I decided to try jicama a couple of different ways.  That’s one of the great things about this vegetable, its versatility.  The first was an Apple Jicama Coleslaw (recipe here and video of its preparation here).

Apple Jicama Coleslaw


  • ½ small head green cabbage, thinly sliced
  • ½ jicama, peeled and sliced into matchsticks
  • 1 Fuji apple, sliced into matchsticks
  • ½ cup mayonnaise
  • ¼ cup pineapple juice
  • 1 teaspoon white sugar
  • Sriracha sauce (add to taste – I used about ¾ teaspoon)
  • Salt and freshly ground pepper to taste

Slice the apple and jicama into matchsticks using a mandoline, as shown here.


Whisk the mayonnaise, pineapple juice, sugar, sriracha sauce, salt and pepper until smooth.  Toss with cabbage, jicama, and apple.  Chill for an hour.  Stir.  Add salt and pepper to taste.


Jicama Chips

Then I made jicama chips by slicing the other half of the peeled jicama with the mandoline.  (My mandoline didn’t slice the jicama as thin as I would have liked it to, which contributed to the chips being underdone in the center.  Next time I make them I will slice the chips using the slicing side of my box grater.)

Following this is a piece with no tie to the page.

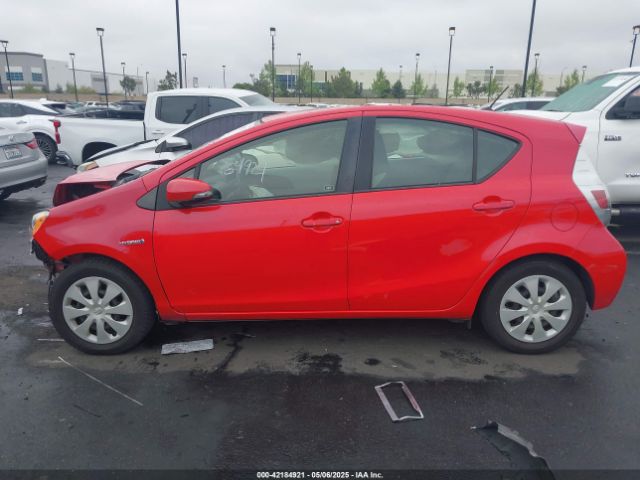 JTDKDTB30E1075448 Toyota Prius C One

Place the sliced jicama on a parchment-lined baking sheet, spray with cooking spray, sprinkle with house seasoning (1 cup sea salt, ¼ cup black pepper, and ¼ cup granulated garlic – keep in a sealed container in the spice cupboard), and bake at 400°F for 20 minutes.  You’ll want to start checking them at 15 minutes to make sure they’re not over-done as ovens vary.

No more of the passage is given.